### [Task prompt]
An exact copy of the listing below is needed, with no pictures in it.

### [Data shown]
════════════════════

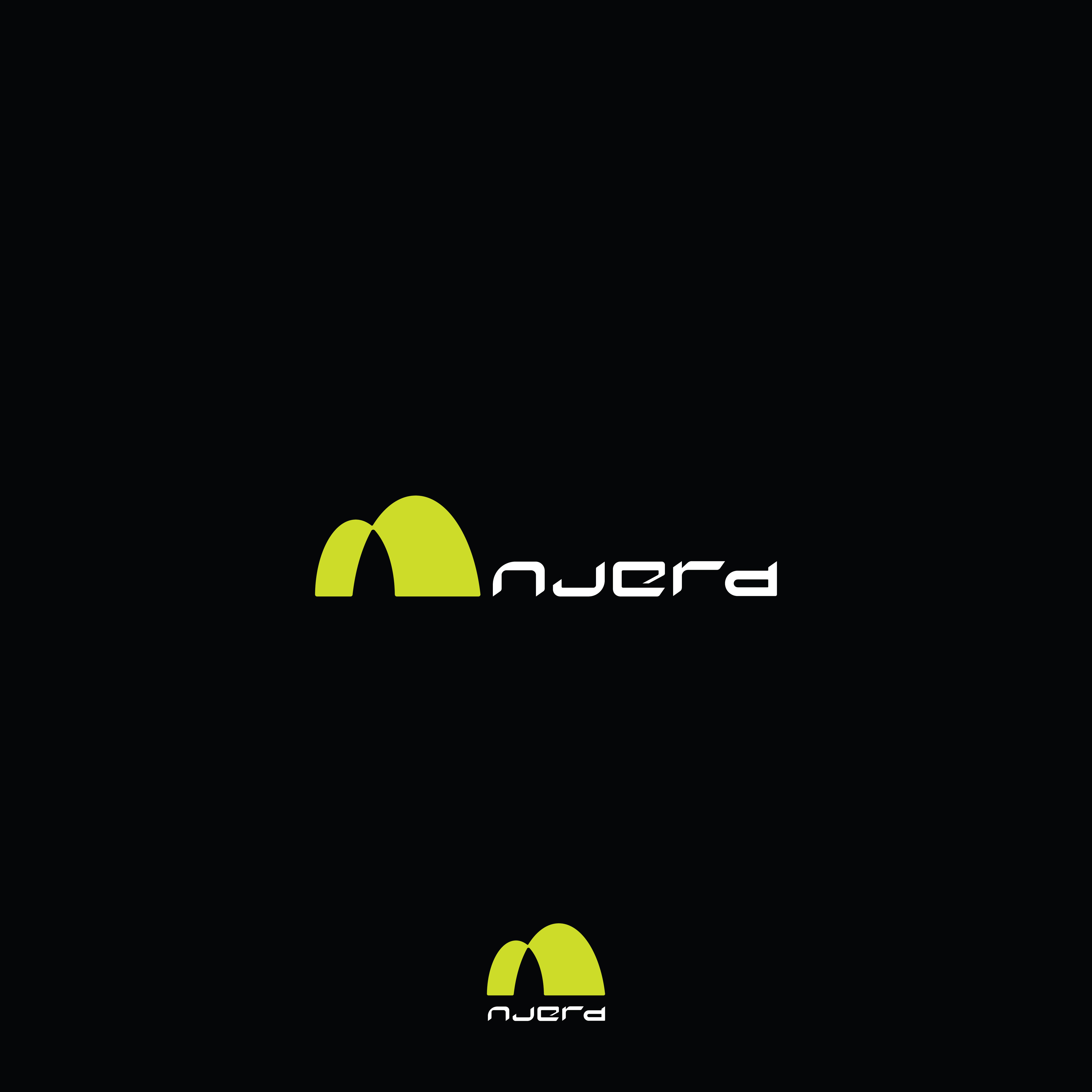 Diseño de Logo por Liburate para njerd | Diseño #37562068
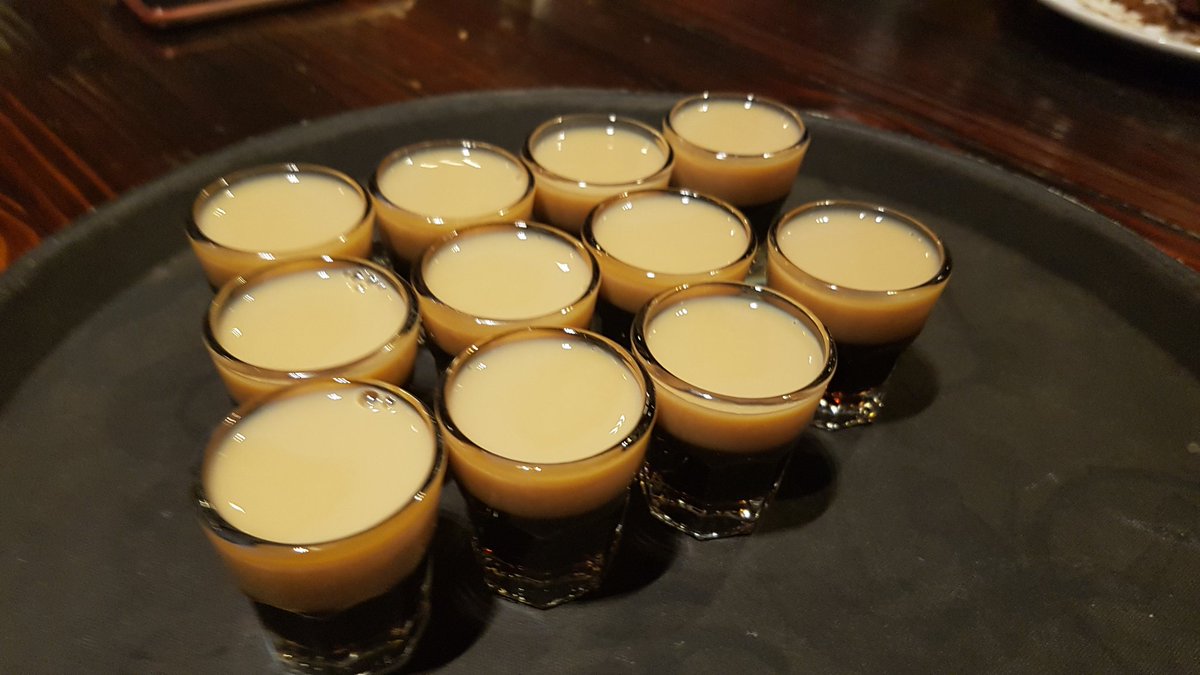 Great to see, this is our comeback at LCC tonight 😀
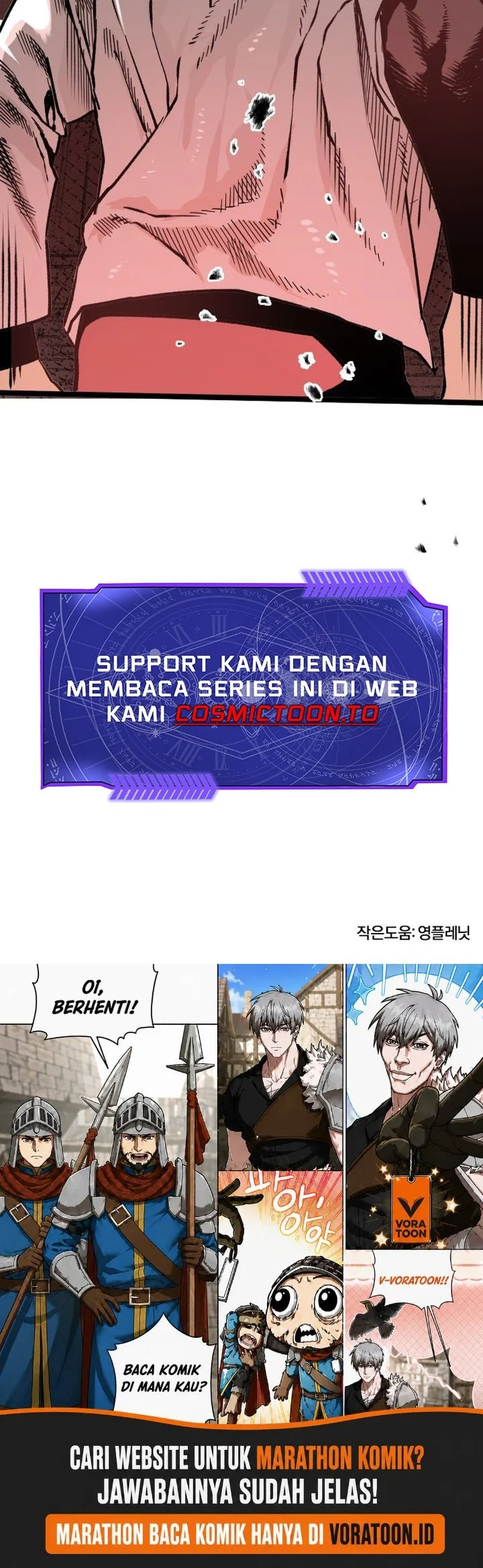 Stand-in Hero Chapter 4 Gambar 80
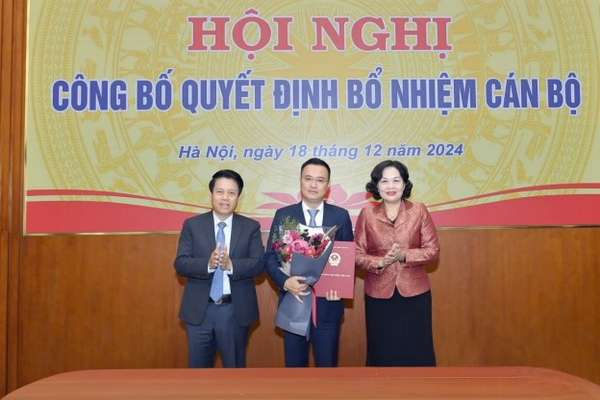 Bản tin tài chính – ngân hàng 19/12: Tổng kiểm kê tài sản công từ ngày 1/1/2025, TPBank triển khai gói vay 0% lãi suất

════════════════════

### [Solution to the exercise]
 Diseño de Logo por Liburate para njerd | Diseño #37562068
 Great to see, this is our comeback at LCC tonight 😀
 Stand-in Hero Chapter 4 Gambar 80
 Bản tin tài chính – ngân hàng 19/12: Tổng kiểm kê tài sản công từ ngày 1/1/2025, TPBank triển khai gói vay 0% lãi suất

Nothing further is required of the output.